If you want to master Facebook — you need to think like an algorithm.
Social media shouldn’t be the only tool in your toolbox. It never was.
Though, if done right Facebook can still be the best way to promote my bread and butter clients — workshops, conferences and events.
Why?
Facebook is geographically and demographically hyper targeted. This is actually unprecedented in marketing.
Look at the competition:
Local newspapers: hyper local, but limited to the standard sections — World News, Business, Home/Garden, Lifestyle, Events, Sports. Local newspapers are not suitable, for example, for advertising something that is demographically targeted to a niche market.
Local radio: Hyper local, but you are limited by the number of hours in the day, and it’s hit or miss if someone is listening. And is anyone listening to local radio anymore, or are they on Pandora, podcasts or XM?
Billboards, taxi advertising: Hyper local, but not hyper targeted. (Unless reaching a specific neighborhood.)
Television: Only hyper local if you use community access or cable.
Email: Maybe hyper local and hyper targeted. Probably not, unless your list is built that way.
Twitter: This is where Twitter misses the boat on revenue. Its ads are just terrible at targeting by region. I hope Elon Musk fixes this.
What makes Facebook advertising perfect for event marketing is whenever you’re drawing people from a one hour radius from the venue, and you are targeting the fans of whomever is performing or presenting.
Generally I post three times day for an event on their Fan page, and one time/day in the Event page. I make sure the posts tag back to the walls of the lineup/presenters. Then I engage them in conversations with THEIR fans.
This dramatically expands the viral reach.
I then weave in and out of my client’s page, my page/s and the fan/event page to further boost the Organic reach of the posts.

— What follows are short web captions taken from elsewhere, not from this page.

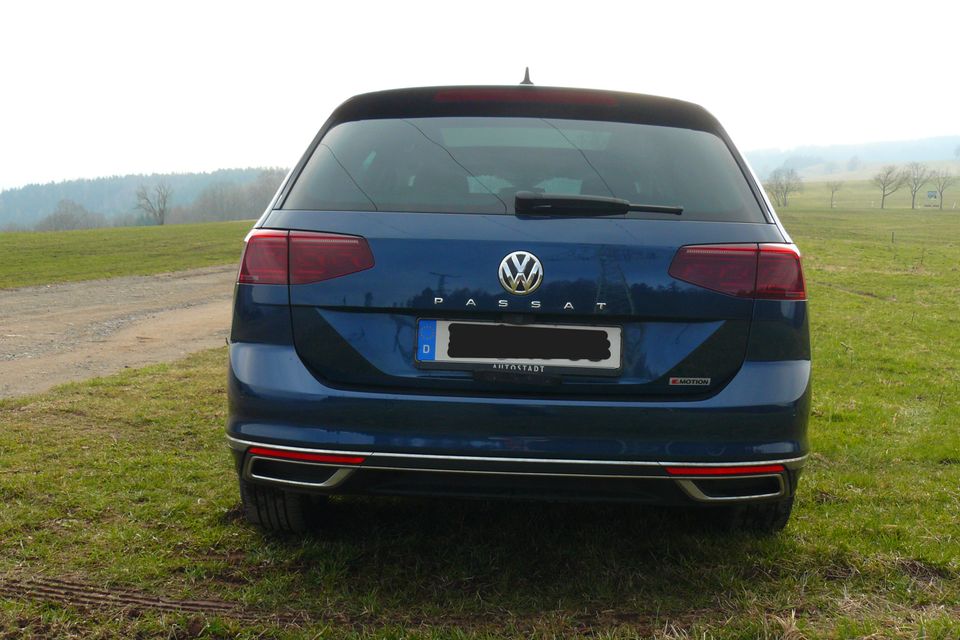 VW Passat Variant 2.0 TDI Elegance 4MOTION, AHK, LED, unfallfrei in Steinbach-Hallenberg (Thüringer W)
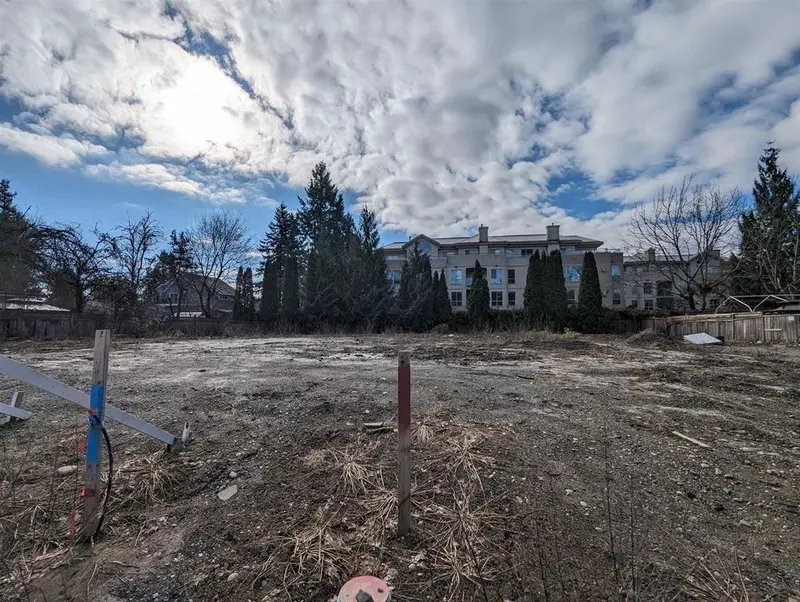 33730 MAYFAIR AVENUE - photo 3 of 5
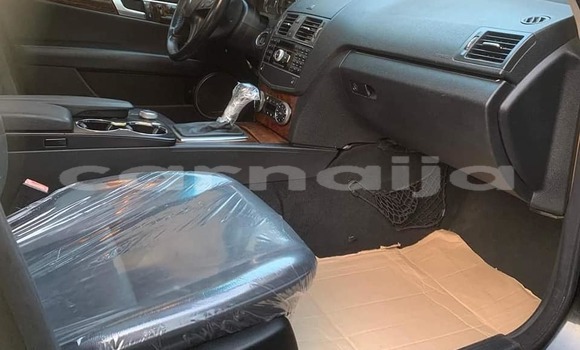 Acheter Occasion Voiture Mercedes-Benz C–Class Noir à Lagos, État de Lagos Acheter Occasion Voiture Mercedes-Benz C–Class Noir à Lagos, État de Lagos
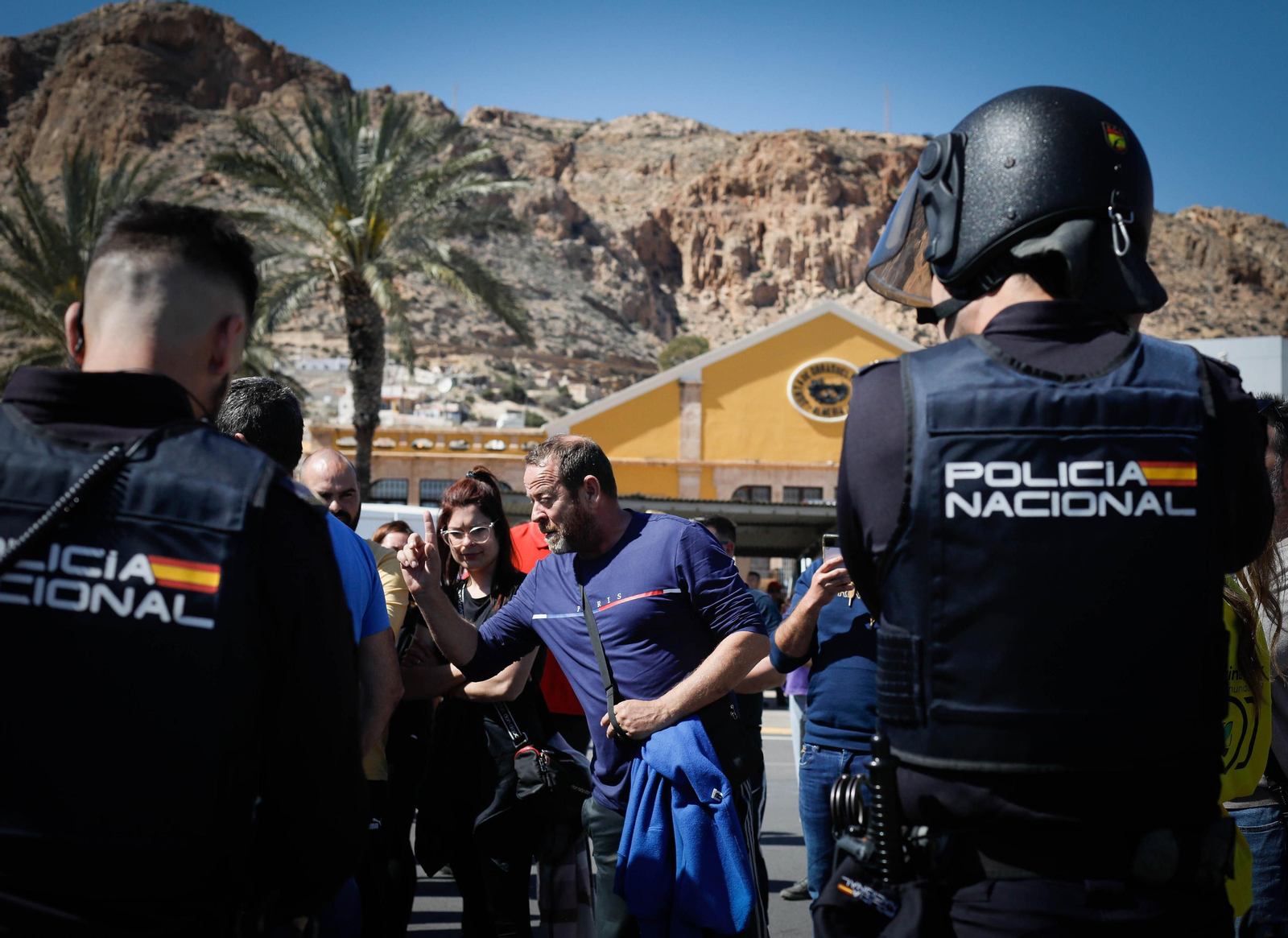 Los agricultores colapsan el puerto de Almería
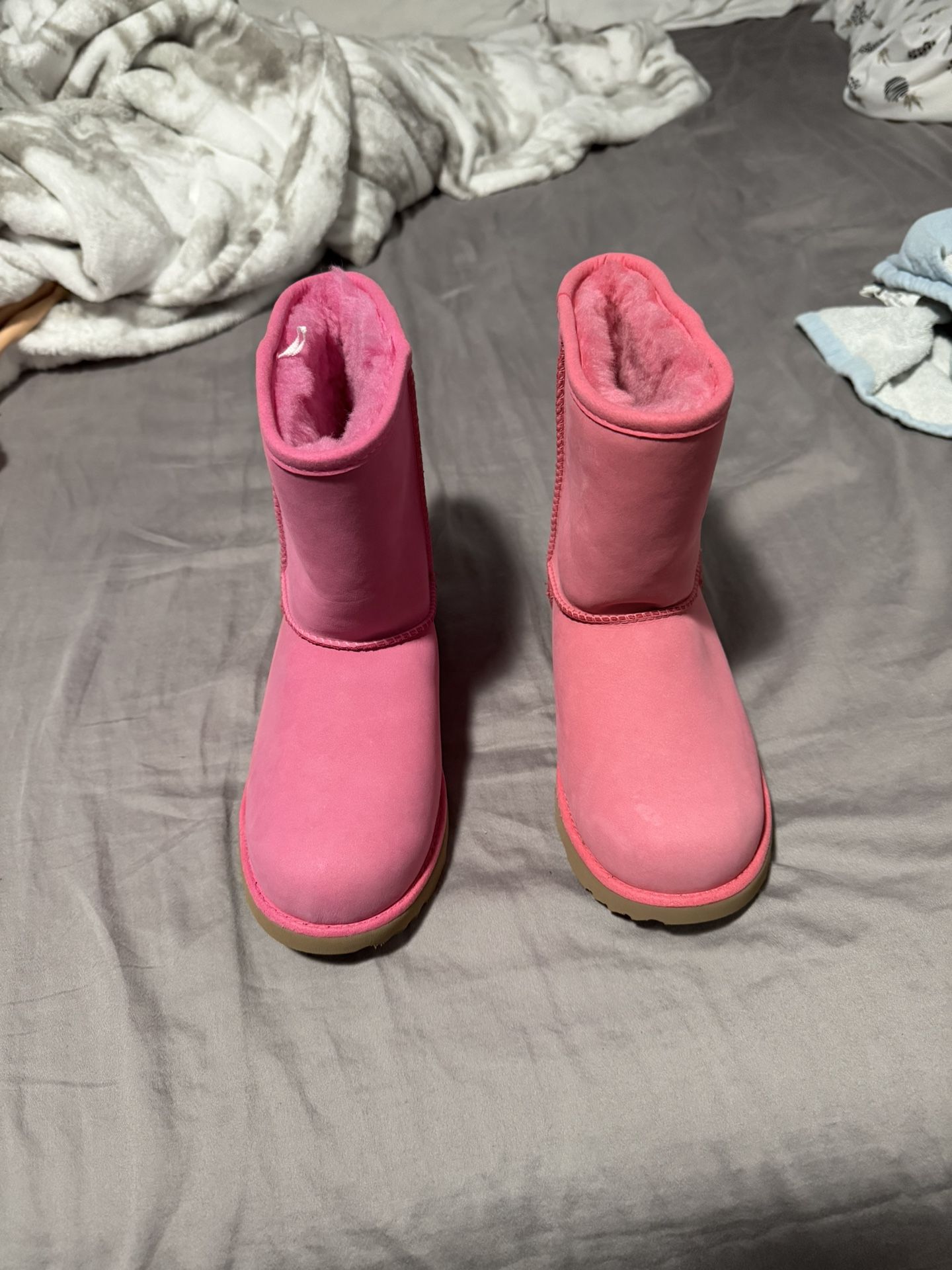 UGGS Kids Size 3
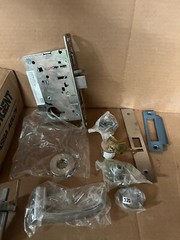 SARGENT ASSA ABLOY DG1 8215 LN L 26D 1.750 1.250 Commercial Door Handle Set New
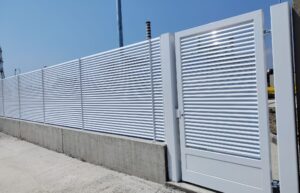 Recinzione aziendale con pannelli frangisole e cancello pedonale coordinato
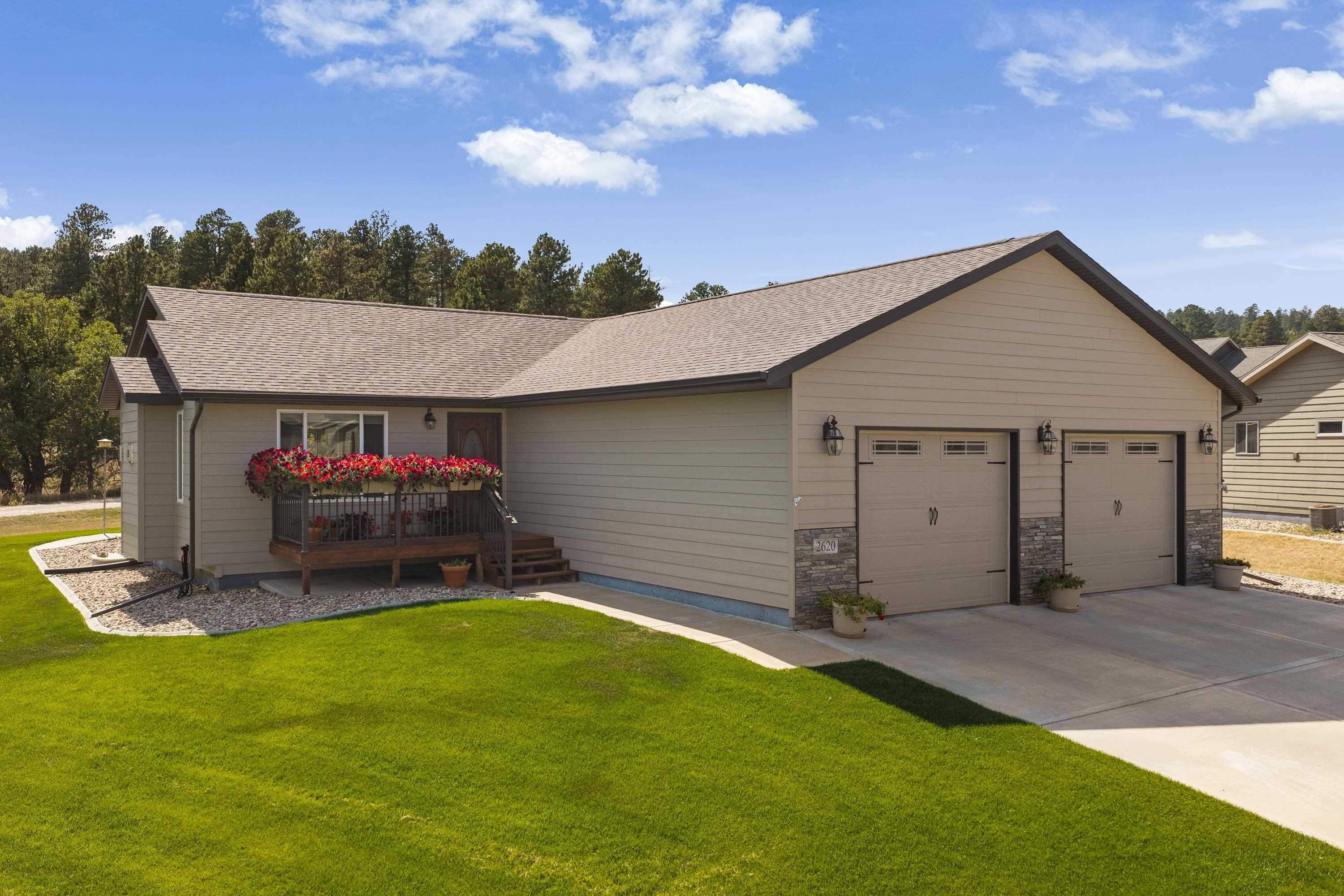 2620 Meadows Drive Property Photo 1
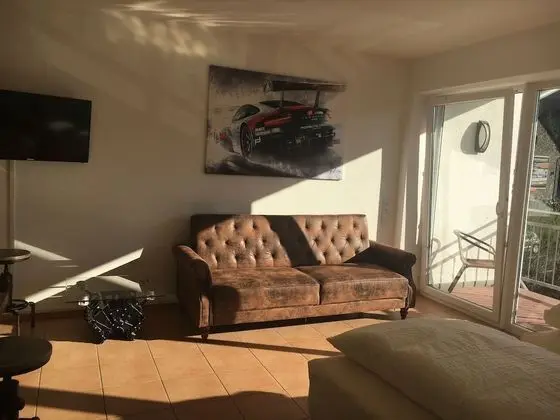 Standard Apart Daire, Dağ Manzaralı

(Often far beyond Facebook’s paid reach.)
Then we only pay to boost the posts that demonstrate the best engagement so they stick to the top of the fan’s feeds for 3 days. (Bargain!)
We then use this social proof of the stickiest/most engaged content to develop ads.
A recent client sold out a 2,200-seat arena this way. We used email lists, social media, street team/posters, print ads and local event listings.
We tracked sales to the ticketing page — very few came from print ads, some came from email, the majority came from Facebook.
You use email to build your Fan page. Then you use the Fan page to build the email.
They are not the same thing — email is not viral, it is not conversational and it is a silent community.
Facebook is an active, conversational community.
I think of email as just another social network, albeit one that has a really low rate of actually seeing/responding/opening your message and one that rarely distributes it beyond the email list.
Email is dated — it is not the center of your marketing universe anymore and if it was, my clients would not include two major email marketers who sought me out to coach them on how to use social media.